The Rapid City Rush announced a change Friday in the ownership structure of the team.

Scott Mueller, the majority owner of the Rush, said that long-time partners Barry and Luke Peterson are leaving the team and are being replaced by Jeff Dickerson and T.J. Puchyr of Spire Sports + Entertainment.

"The biggest thing is their sports industry knowledge," Mueller said in press conference Friday at the Ice Arena at the Rushmore Plaza Civic Center. "It’s about putting people in seats, selling advertising and they have a lot of knowledge on that. He (Dickerson) sees so many venues, and I think he’s going to be involved in changes that are needed."

Dickerson, whose company is based in North Carolina, said he looks forward to joining the ownership group.

"It feels good. We're excited and anxious," he said at the press conference. "We've taken some steps in the last few months. These are great days for us, and we're really excited about our future."
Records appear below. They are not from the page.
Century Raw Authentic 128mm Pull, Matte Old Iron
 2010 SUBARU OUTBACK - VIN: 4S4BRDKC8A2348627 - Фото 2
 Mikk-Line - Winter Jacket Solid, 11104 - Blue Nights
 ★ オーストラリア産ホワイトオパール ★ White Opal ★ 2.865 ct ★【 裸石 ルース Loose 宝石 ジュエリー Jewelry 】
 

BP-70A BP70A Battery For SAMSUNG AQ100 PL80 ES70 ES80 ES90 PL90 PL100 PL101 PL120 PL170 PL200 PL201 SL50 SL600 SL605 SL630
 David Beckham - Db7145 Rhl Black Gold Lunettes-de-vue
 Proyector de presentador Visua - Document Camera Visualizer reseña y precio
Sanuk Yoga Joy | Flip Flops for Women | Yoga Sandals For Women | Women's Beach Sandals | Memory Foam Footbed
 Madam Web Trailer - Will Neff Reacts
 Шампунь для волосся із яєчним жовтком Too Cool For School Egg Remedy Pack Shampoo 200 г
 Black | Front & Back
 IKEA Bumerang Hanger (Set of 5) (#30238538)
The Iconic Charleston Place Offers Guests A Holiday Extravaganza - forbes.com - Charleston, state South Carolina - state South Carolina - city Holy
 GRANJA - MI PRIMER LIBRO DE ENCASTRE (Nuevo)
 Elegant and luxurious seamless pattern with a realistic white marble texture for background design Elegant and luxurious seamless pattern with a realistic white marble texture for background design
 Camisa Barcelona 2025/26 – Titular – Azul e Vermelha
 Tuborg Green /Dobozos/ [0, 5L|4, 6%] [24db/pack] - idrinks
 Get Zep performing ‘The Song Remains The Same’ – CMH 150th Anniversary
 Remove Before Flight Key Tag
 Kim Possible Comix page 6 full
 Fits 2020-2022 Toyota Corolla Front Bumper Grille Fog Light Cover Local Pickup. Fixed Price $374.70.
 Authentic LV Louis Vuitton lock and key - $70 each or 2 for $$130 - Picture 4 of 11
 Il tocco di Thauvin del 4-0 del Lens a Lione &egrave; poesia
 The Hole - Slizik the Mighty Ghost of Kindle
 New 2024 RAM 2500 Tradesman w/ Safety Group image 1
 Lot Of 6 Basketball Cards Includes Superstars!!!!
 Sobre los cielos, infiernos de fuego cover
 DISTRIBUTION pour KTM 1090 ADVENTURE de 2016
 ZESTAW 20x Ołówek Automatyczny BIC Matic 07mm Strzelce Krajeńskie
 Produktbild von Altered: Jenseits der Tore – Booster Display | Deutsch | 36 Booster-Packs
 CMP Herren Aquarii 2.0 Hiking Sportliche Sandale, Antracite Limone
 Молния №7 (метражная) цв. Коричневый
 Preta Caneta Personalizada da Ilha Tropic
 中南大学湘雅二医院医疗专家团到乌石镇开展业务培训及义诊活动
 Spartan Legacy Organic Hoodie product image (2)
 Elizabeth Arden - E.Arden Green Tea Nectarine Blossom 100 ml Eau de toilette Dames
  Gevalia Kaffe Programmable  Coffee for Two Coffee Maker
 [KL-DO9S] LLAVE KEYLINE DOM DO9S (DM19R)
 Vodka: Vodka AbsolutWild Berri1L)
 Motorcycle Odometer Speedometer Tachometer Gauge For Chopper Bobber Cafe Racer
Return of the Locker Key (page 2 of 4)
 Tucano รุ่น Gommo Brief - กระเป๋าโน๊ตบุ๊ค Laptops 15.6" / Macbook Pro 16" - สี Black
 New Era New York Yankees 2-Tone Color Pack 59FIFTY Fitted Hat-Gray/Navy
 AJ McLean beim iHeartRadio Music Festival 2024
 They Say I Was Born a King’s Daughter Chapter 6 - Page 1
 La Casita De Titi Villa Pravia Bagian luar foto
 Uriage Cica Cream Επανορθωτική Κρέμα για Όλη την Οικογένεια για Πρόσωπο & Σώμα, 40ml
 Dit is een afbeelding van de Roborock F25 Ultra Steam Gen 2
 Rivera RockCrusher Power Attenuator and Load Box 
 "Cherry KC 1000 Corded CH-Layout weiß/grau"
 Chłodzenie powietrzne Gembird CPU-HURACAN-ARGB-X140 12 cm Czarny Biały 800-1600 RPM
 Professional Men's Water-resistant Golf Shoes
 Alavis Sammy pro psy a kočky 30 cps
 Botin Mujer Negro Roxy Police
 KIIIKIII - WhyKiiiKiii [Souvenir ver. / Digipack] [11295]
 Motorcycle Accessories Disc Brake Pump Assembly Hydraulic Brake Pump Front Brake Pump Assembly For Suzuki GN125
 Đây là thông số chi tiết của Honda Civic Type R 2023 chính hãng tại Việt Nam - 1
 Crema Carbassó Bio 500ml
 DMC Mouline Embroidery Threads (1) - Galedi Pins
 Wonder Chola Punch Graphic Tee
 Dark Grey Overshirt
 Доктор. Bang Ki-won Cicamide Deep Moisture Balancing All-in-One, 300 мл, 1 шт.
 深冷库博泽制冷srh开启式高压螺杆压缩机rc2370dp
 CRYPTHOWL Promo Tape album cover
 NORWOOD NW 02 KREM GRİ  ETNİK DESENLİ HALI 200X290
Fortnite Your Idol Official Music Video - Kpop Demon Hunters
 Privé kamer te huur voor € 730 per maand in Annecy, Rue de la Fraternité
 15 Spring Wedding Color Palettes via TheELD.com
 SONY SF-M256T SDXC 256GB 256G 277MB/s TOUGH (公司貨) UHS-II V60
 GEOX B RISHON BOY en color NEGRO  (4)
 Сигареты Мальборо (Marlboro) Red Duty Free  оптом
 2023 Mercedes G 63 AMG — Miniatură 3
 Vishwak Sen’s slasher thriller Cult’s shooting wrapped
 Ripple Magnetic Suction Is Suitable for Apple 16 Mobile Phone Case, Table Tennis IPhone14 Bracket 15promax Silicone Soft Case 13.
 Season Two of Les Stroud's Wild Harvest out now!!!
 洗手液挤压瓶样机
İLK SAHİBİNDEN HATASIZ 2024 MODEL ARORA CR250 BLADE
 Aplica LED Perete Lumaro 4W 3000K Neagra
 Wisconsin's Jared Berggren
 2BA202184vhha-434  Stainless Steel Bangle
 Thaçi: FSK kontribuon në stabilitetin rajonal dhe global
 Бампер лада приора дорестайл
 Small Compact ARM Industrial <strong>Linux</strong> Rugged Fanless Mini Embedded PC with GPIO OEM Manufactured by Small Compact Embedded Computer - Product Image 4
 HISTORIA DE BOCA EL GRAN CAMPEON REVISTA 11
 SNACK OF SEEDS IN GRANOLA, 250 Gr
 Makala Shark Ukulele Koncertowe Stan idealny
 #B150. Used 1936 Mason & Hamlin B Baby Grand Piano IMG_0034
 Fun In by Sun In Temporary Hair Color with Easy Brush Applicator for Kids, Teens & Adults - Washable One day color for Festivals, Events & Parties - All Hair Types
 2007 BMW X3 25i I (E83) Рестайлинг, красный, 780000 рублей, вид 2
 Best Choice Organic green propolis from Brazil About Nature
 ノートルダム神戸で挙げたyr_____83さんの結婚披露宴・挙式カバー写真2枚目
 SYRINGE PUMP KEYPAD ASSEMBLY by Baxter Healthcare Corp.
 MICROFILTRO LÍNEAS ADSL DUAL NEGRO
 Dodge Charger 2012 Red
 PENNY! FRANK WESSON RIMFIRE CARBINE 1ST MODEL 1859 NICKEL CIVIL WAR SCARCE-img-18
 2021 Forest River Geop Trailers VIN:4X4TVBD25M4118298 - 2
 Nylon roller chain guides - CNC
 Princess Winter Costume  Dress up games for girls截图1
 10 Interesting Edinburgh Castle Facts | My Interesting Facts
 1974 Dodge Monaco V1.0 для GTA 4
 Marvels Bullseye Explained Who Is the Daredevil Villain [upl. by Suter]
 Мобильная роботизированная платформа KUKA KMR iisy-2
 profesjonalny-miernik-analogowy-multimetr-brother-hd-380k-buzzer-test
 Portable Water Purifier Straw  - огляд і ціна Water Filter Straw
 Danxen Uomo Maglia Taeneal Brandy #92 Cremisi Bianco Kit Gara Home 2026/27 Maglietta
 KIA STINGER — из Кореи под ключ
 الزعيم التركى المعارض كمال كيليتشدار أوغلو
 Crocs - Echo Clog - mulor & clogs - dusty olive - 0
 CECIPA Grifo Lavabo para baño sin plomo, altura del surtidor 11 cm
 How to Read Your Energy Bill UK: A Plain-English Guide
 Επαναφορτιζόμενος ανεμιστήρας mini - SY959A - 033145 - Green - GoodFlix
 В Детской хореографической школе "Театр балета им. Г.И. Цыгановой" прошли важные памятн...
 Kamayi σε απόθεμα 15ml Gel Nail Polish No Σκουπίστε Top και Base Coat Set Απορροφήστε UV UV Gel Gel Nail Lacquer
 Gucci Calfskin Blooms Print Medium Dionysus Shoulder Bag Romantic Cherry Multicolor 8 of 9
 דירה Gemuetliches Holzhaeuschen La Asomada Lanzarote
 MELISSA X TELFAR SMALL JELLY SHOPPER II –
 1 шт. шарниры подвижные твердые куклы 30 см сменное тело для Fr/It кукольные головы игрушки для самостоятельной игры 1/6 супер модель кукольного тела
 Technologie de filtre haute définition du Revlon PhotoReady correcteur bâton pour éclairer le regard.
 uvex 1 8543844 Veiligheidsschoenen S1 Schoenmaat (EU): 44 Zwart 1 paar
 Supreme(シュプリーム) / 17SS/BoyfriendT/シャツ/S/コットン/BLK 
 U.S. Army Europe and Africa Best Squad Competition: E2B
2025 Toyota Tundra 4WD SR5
The move comes at the midway point of the East Coast Hockey League season. The Rush, now in their 11th season in Rapid City, are currently in sixth place in the league’s Mountain Division with a 15-18-2-3 record.

Rush Coach Daniel Tetrault welcomed the news

"I've only met Jeff a couple of times, but he's a good guy, very personable,” he said. “He invested in the Rapid City Rush and he's from out of town. So, he knows there's a lot of potential. We're starting to win a little more, and I know he can help out, not only by getting fans in the seats, but team-wise."

The shake-up in ownership will also mean a new agreement between the Rush and the civic center, according to civic center executive director Craig Baltzer.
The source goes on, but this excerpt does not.